**TRY IT**
The answer must be an exact copy of the lines from the one containing "Appointment Date Vaccination" through the end of the records, with the pictures left out.

====== DATA FOR THIS TASK ======

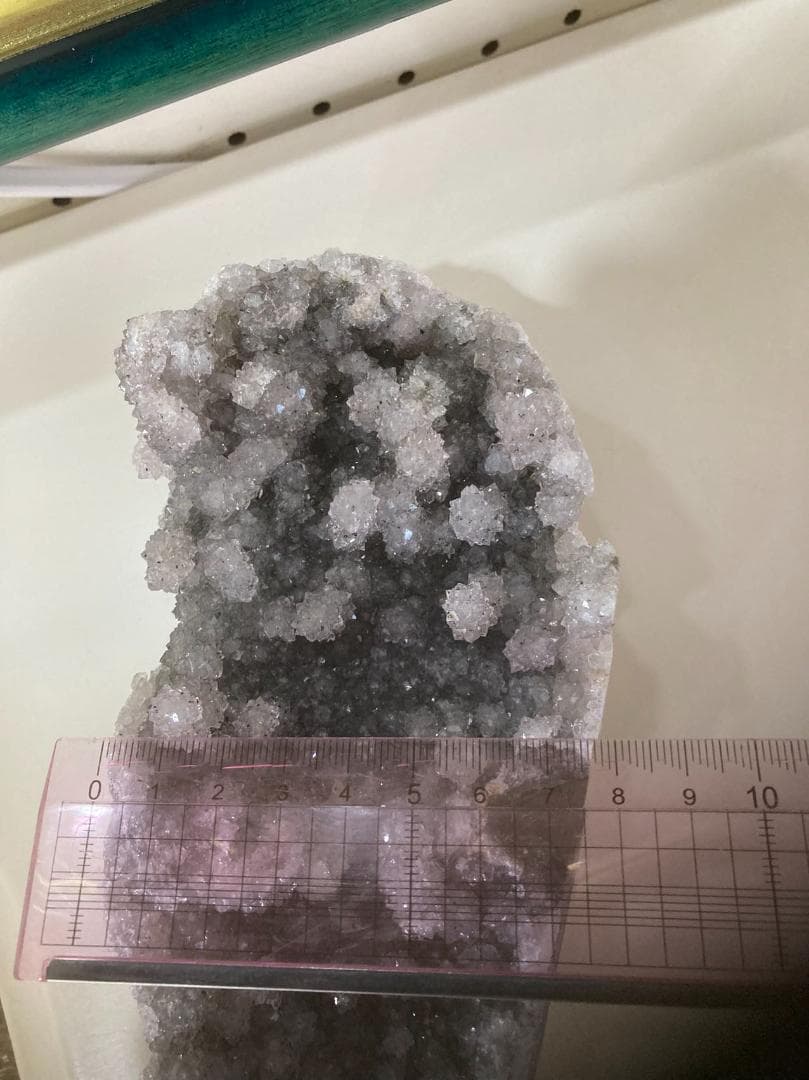 ホワイトアメジスト ブラジル産約829グラム 船の形宝船【 秘蔵コレクション 】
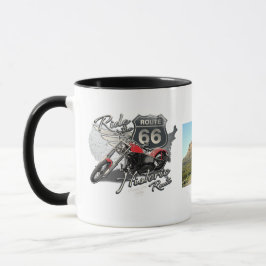 Caneca Personalize a rota de motocicleta Vintage 66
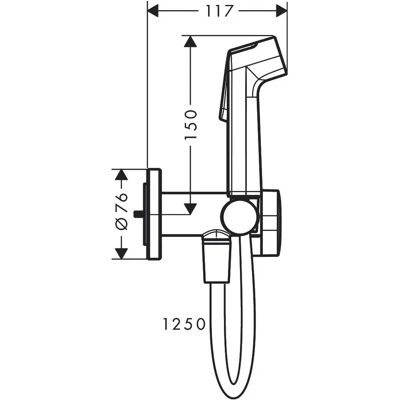 Hansgrohe Bidette Shower Head - Single Spray Water-saving Hansgrohe Bidette Shower Head - Single Spray Water-saving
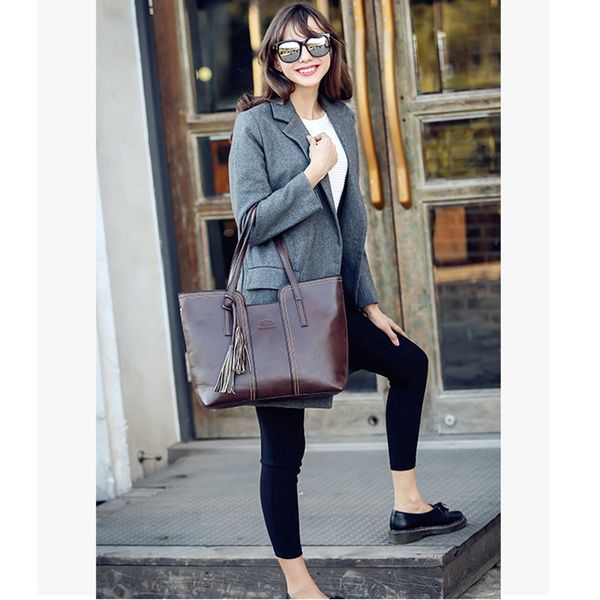 fashion zipper tassel shoulder bag women handbag pu leather casual tote large messenger bag lady bags interior zipper pocket
fashion zipper tassel shoulder bag women handbag pu leather casual tote large messenger bag lady bags interior zipper pocket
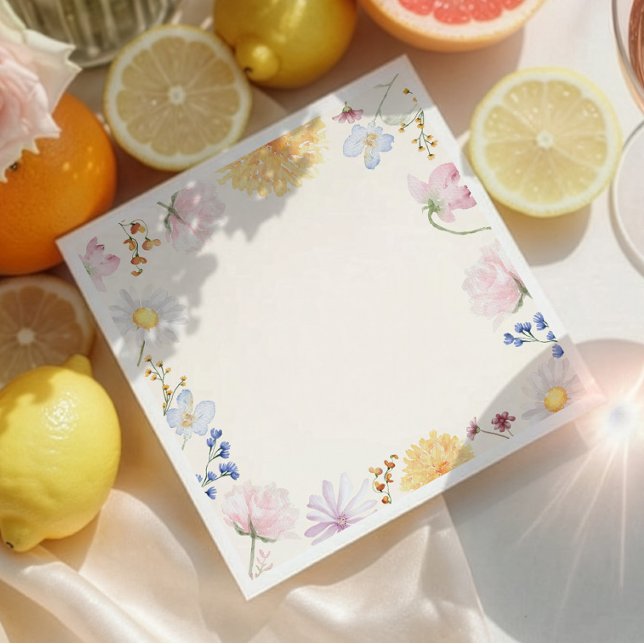 Pastel Wildflower Paper Napkin (Creator Uploaded)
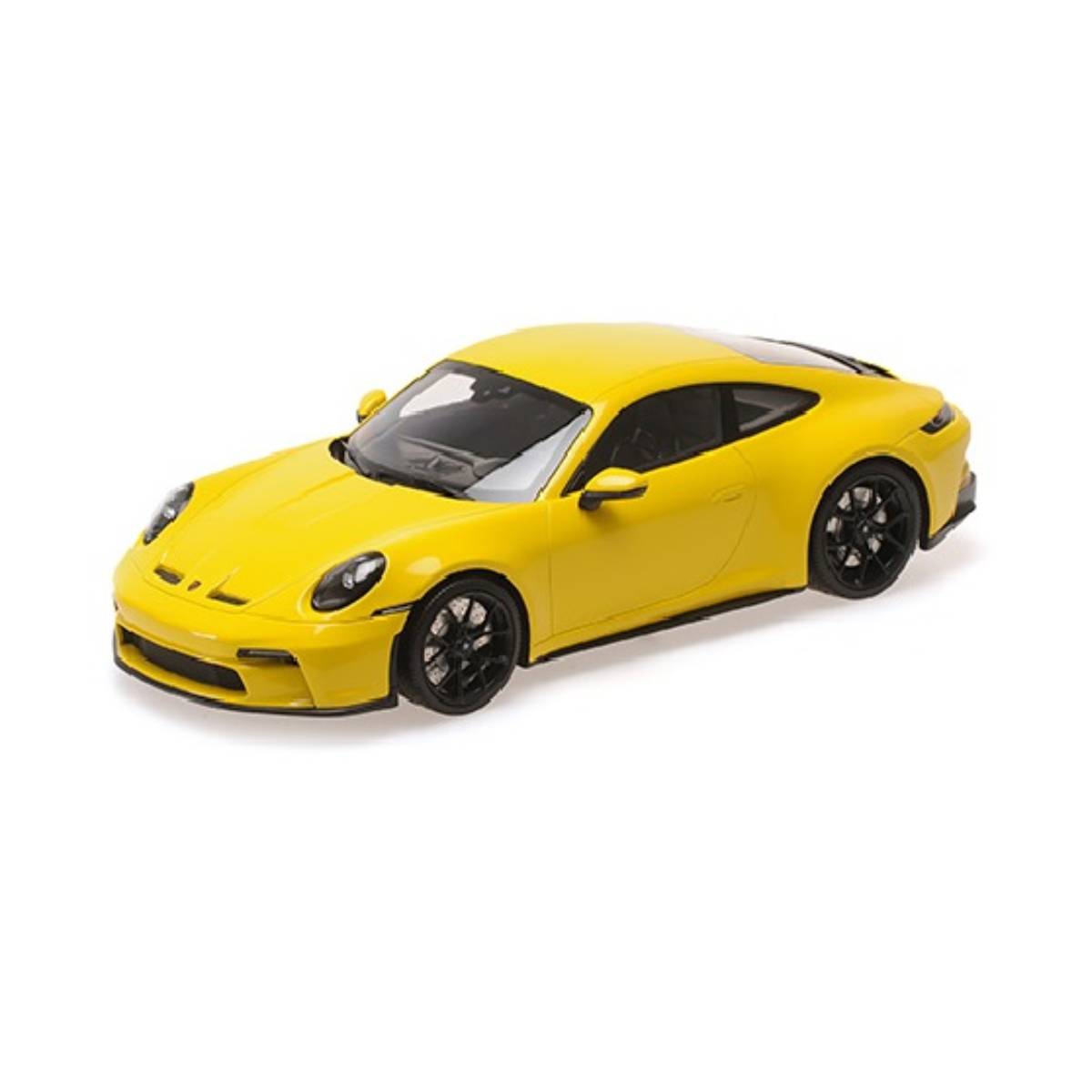 PORSCHE 911 (992) GT3 TOURING - 2022 - YELLOW W/BLACK WHEELS - 1:18 Scale Resin Model Car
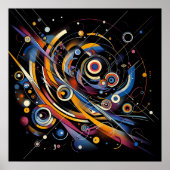 Kosmische Orbit Geometrie - Abstrakte Kreise- und  Poster (Vorne)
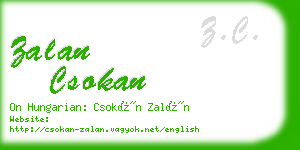 zalan csokan business card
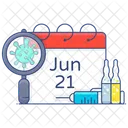 Appointment Date Vaccination Date Meeting Icon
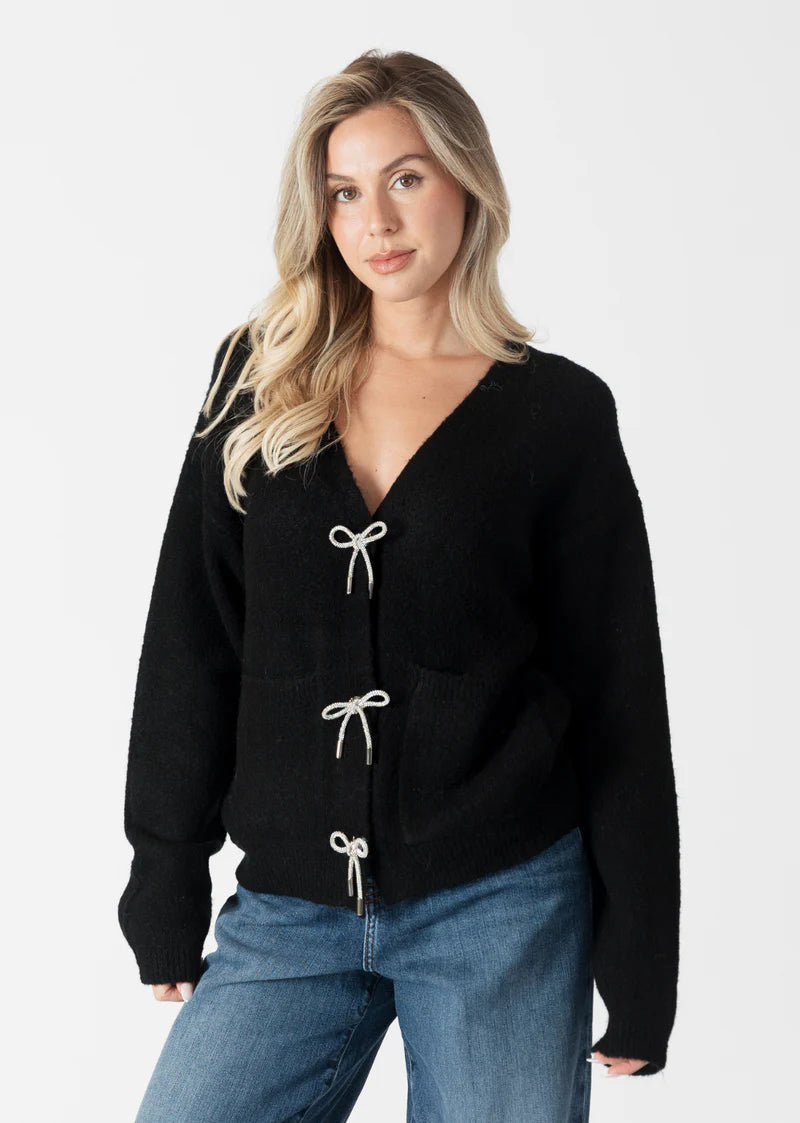 Final Clearance Stella Bow Cardigan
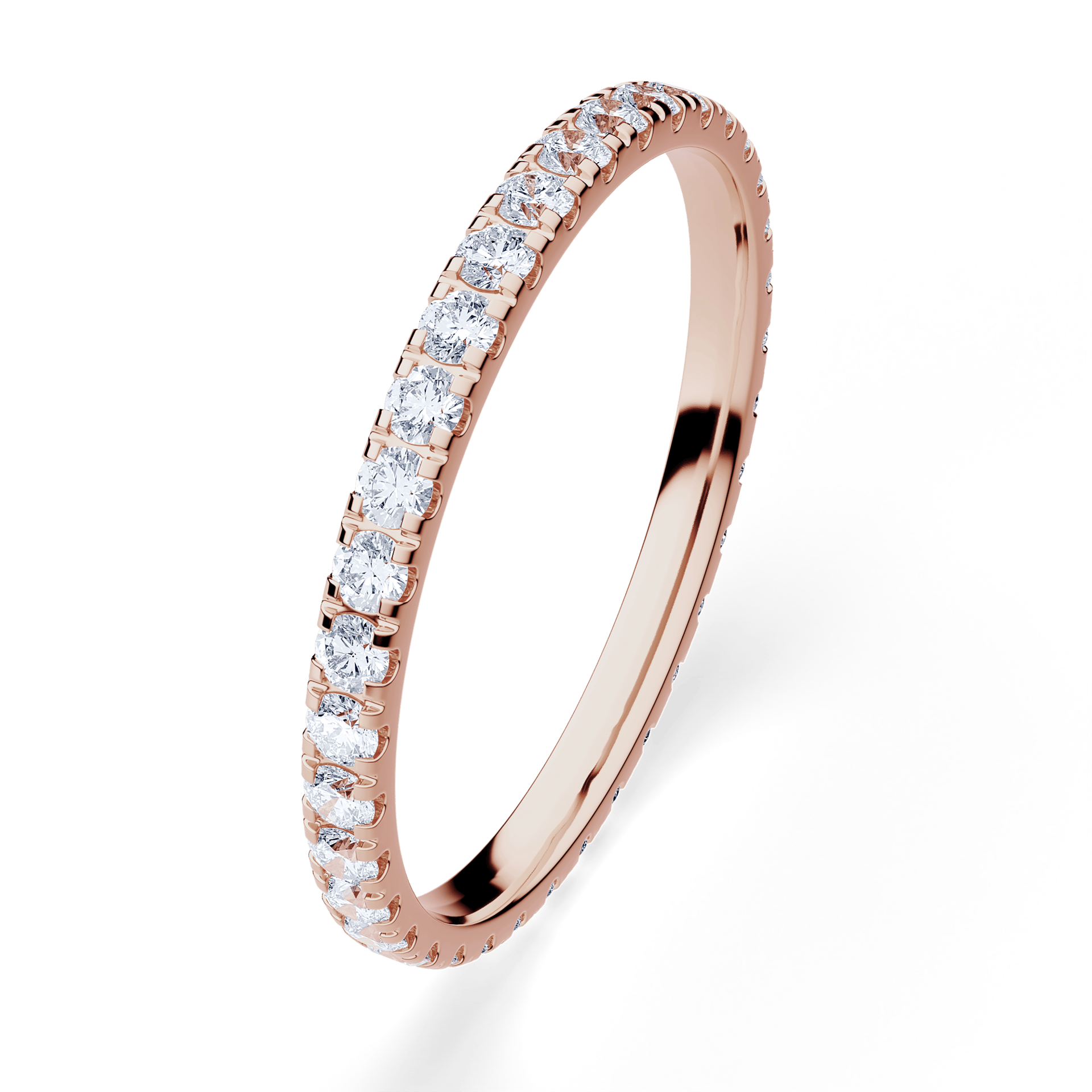 Dostawka Rosie z różowego złota z diamentem laboratoryjnym 0,53ct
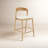 Celestia Upholstered Solid Wood Counter Stool-523812702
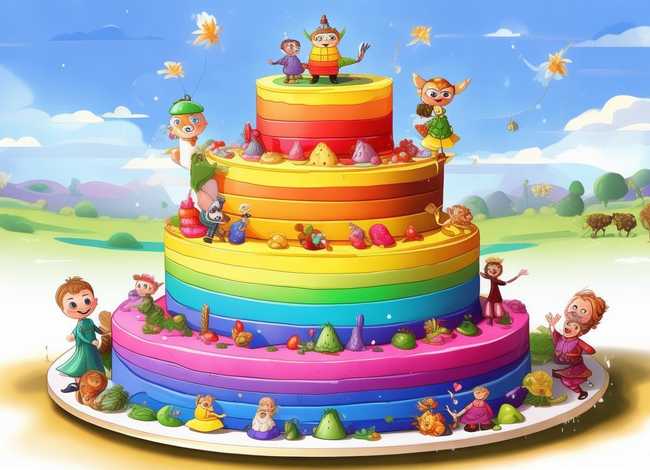 彩虹蛋糕绘本故事带图片 彩虹蛋糕绘本故事带图片大全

======

**COMPLETED TASK**
 Appointment Date Vaccination Date Meeting Icon
 Final Clearance Stella Bow Cardigan
 Dostawka Rosie z różowego złota z diamentem laboratoryjnym 0,53ct
 Celestia Upholstered Solid Wood Counter Stool-523812702
 彩虹蛋糕绘本故事带图片 彩虹蛋糕绘本故事带图片大全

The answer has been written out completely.